La detención de una ciudadana rusa que supuestamente actuaba como agente ilegal del Kremlin en Washington sorprendió al presidente Donald Trump, en plena cumbre con su homólogo, Vladimir Putin.
Ya unos días antes del encuentro en Helsinki, Finlanda, “la trama rusa” había estado en la palestra por la acusación contra 12 funcionarios de inteligencia de Moscú por una supuesta ciberoperación para influir en las presidenciales de 2016.

La nueva escena a esta obra entre los dos mandatarios de las superpotencias sucedió instantes después de que ofrecieran su rueda de prensa conjunta: El Departamento de Justicia de EE. UU anunció la detención e imputación en Washington de la presunta agente, Maria Butina, de 29 años “por conspirar para ejercer influencia en la política estadounidense mediante lazos con grupos como la Asociación Nacional del Rifle (NRA)”.

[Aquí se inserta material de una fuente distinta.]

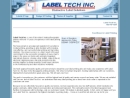 Website Snapshot of Label Tech, Inc.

El abogado de Butina, Robert Driscoll, dijo a través de un comunicado que las acusaciones son «exageradas» y que la fiscalía criminalizó oportunidades mundanas de establecer contactos.
Según Driscoll, su defendida no era una agente de la Federación Rusa sino que estaba en el país con una visa de estudiante, graduándose en la American University en una maestría en relaciones internacionales.